No mesmo ano em que a Basf comprou a unidade, em 2000, Antonio deixou o trabalho e começou a ter uma ideia dos males que sofreria nos anos seguintes. “Quando tomamos conhecimento da gravidade da exposição que sofremos, comecei a ter um acompanhamento de saúde diferenciado. Em 2001, na primeira reunião com os trabalhadores, ficou muito claro que eles iam desenvolver doenças e haveria vários óbitos. Já são 63 mortes”, lamenta o ex-funcionário, um dos coordenadores da Associação dos Trabalhadores Expostos a Substâncias Químicas (Atesq).
Depois de 12 anos na Justiça, em 2012 a ação trabalhista foi levada ao Tribunal Superior do Trabalho (TST), onde ficou até o último abril, quando as empresas, enfim, fecharam um acordo com os trabalhadores.
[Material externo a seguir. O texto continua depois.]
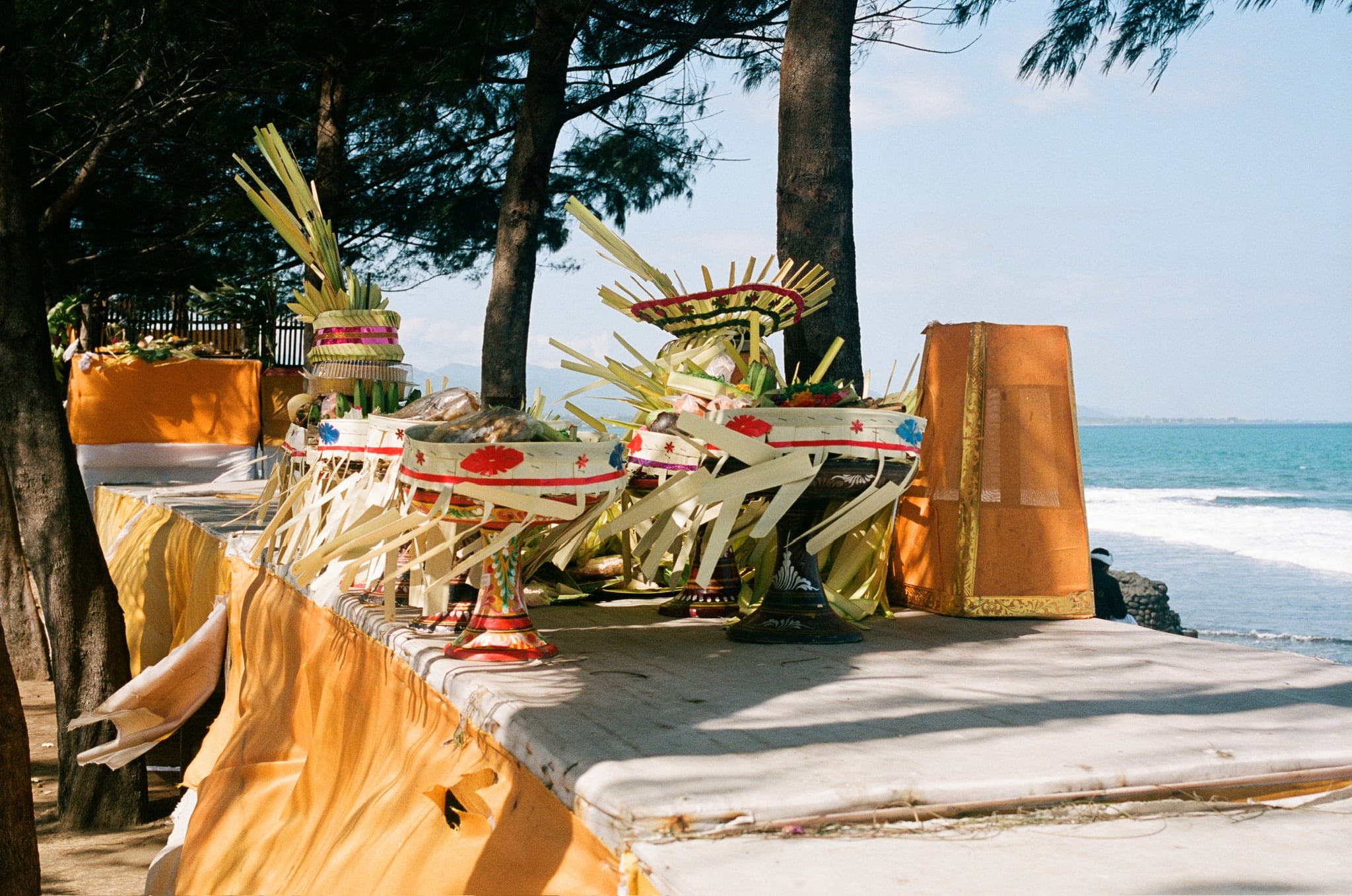 Woven leaf arrangements and containers sit on a yellow-draped table beneath trees beside the sea.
Eles tiveram garantidos o direito ao tratamento médico vitalício para 1.058 ex-funcionários e dependentes, indenização de R$ 200 milhões por dano moral coletivo mais indenizações individuais.
Antonio sobreviveu a um câncer na próstata e a outro no pulmão para contar essa história. E ela será tema do filme O Lucro acima da Vida, um longa-metragem de ficção baseado em fatos reais, ainda em fase de produção. O filme começou a ser planejado quando o processo trabalhista coletivo foi levado ao TST. “Avaliamos que iríamos enfrentar um terreno muito difícil em Brasília e tomamos algumas precauções: contratamos um bom escritório de advocacia, planejamos o filme, um livro e vários outros materiais, porque a gente precisava que as pessoas tivessem a compreensão de que esse caso não poderia ficar impune”, diz o produtor executivo Arlei Medeiros, diretor do Sindicato dos Químicos Unificados de Campinas e da Federação dos Trabalhadores do Ramo Químico (Fetquim), entidades que apoiam o projeto. “No meio disso tudo, obtivemos um acordo muito positivo para os trabalhadores. Mesmo assim, decidimos seguir adiante e contar essa história para que isso nunca mais se repita.”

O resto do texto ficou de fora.